One of the things that has improved, he says, is the range of equipment and products now available. The ’80s and ’90s saw a boom in haircare innovation, with mousse, gel, wax, clay, mud and all manner of other products to mould and sculpt hair into increasingly adventurous shapes.
James said:
People used all sorts of things to spike hair up – gelatine, sugar-water, egg-white and even shellac. To get that spiky, avant-garde look, we used to send the juniors out to get KY Jelly, because it was water-soluble, unlike Brylcreem. Now, of course, you can get products that do the same job, although you probably wouldn’t use them as a sexual lubricant...
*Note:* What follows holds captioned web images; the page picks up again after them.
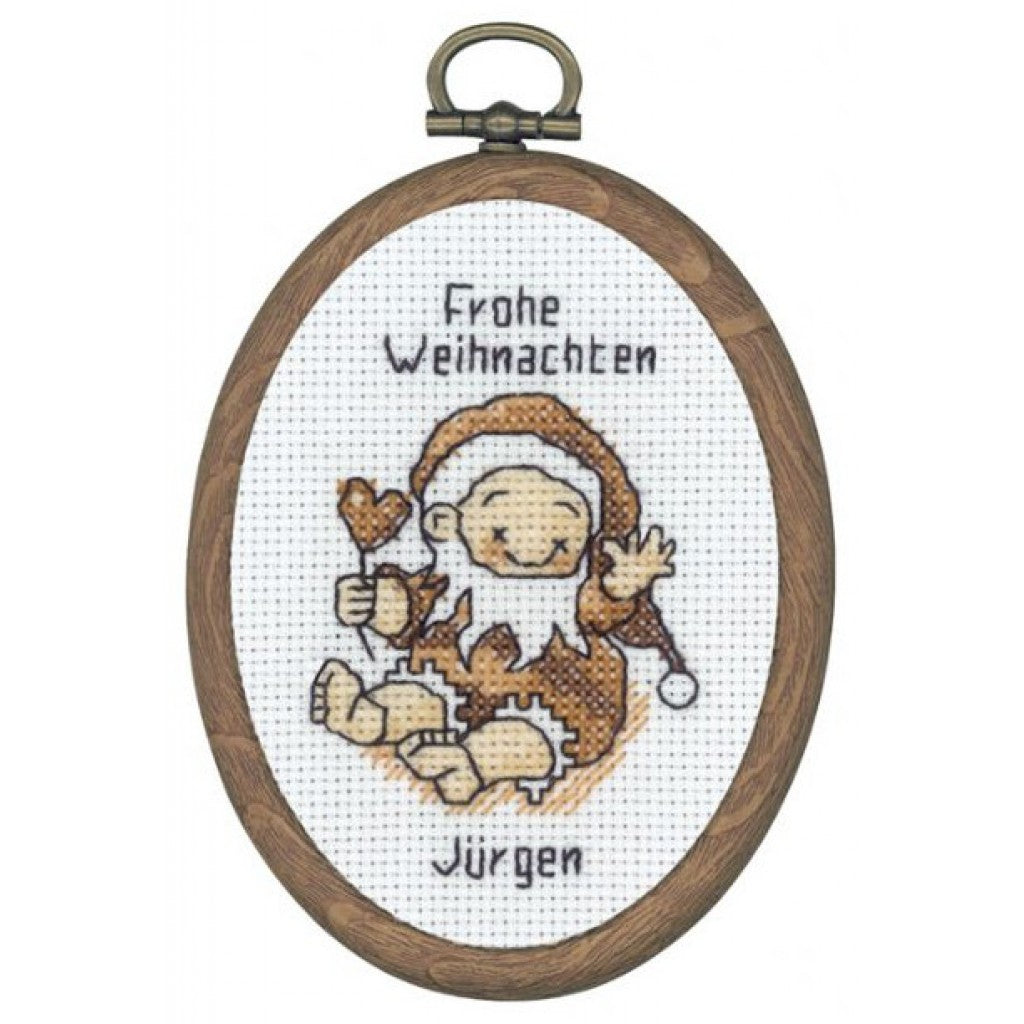 Korsstingsbroderi - Sittende Nisse Brun, 7x9cm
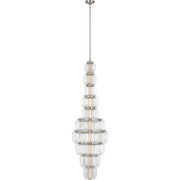 Killarney 19" Layered Crystal Entry Pendant in Polished Nickel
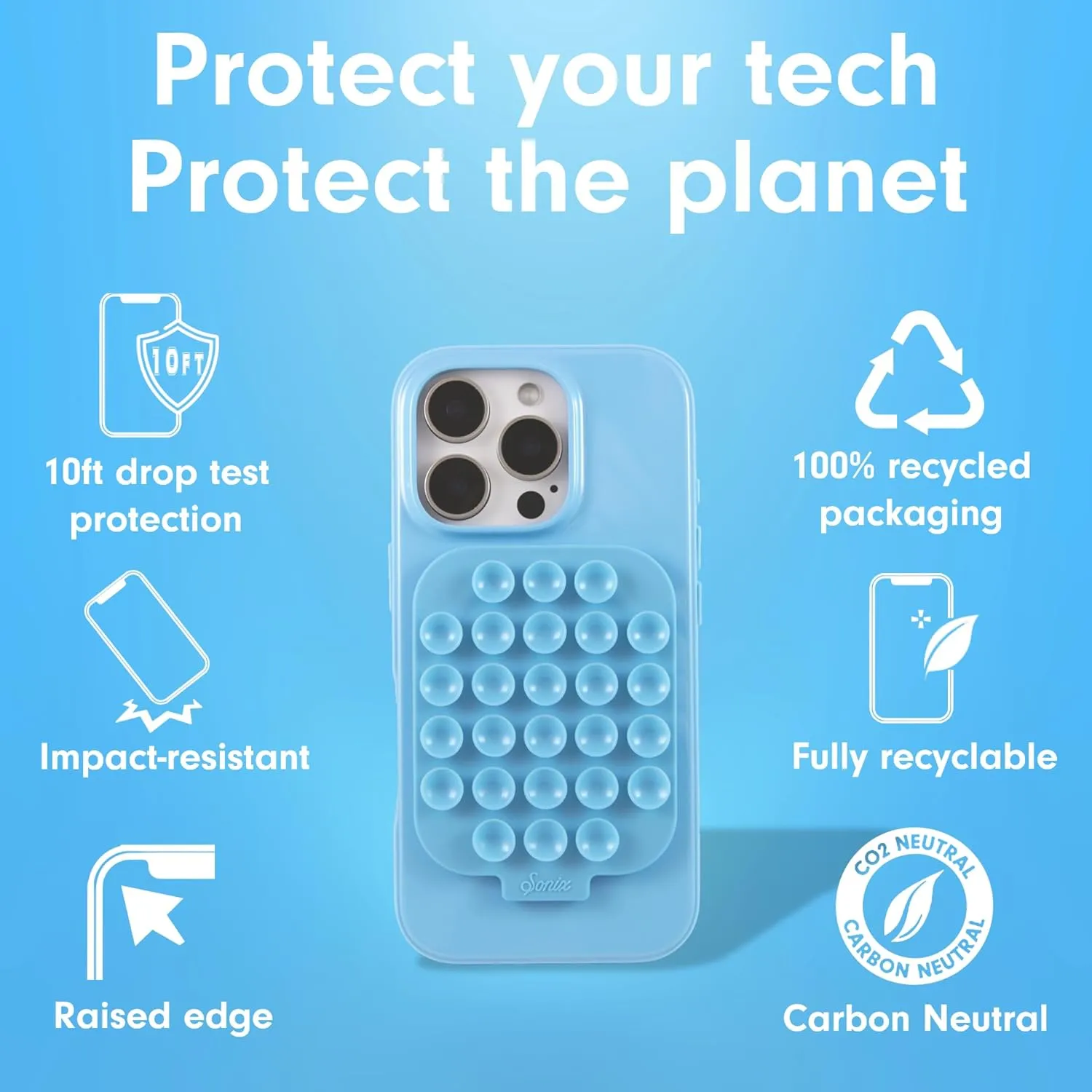 Sonix Case for iPhone 16 Pro Max with Magnetic Suction Mount | Compatible with MagSafe | 10ft Drop Tested | Light Blue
After doing well out of the perm trend, James and Heidi seized the opportunity to buy their premises in the early 1990s. This was the time of the recession, and in Harrogate, major employers such as the Ministry of Defence and chemicals giant ICI were closing down and moving out.
James said:
Most of the block was occupied by [electrical goods chainstore] Tandy. It was all owned by a Kuwaiti property company, and after the Gulf War they liquidated a lot of their assets and sold it.
A small property company from London bought it, with us as a sitting tenant, and then we bought it from them. It was the time of the property crash, so nobody wanted it and we got it at a good price.
Ocean Hair on Union Street in Harrogate
And there they have stayed, off the beaten track but thriving nonetheless due largely to word-of-mouth.
The knack to being a successful hairdresser, says James, is “a mix of things”:
You need enthusiasm and an interest in fashion and design, as well as a love of people.
I’ve known some really talented hairdressers – creative but silent – and they do a brilliant job but just don’t get the customers.
On the other hand, I knew one hairdresser who really wasn’t that good, but she had such a personality that people kept on coming back. So it’s a balance of personality and creativity.
Keeping fresh is also essential in an industry where the whims of fashion can make a mockery of customer loyalty. He said:
You yourself can come in and out of fashion. You can be the enfant terrible when you start out, but then other salons open, and people move on.
Sometimes you’ll do something really good for a client and they’ll come back and ask you to do it again – and you can do it just the same, but it won’t have that same impact on them, so they’ll go off looking for something new. You’ve constantly got to be renewing.
James and Heidi with long-serving employees Kim and Sarah
Ocean Hair now employs four people, including James and Heidi, who both work three days a week. Colleagues Sarah, who has been with the firm for 37 years, and Kim (nearly 20 years) work four days a week. The couple may have slowed the pace, but James has no plans to stop just yet.
He said:
We’ve just got to the stage where we’re happy with what we’re doing. I’m not looking to advertise Ocean – I just want to say thank you to all the people who have supported us over the years.
People might think we’re lucky, but as they say, the harder you work, the luckier you become – and that’s what we’ve done. We’ve worked hard, constantly, so the gods have been with us.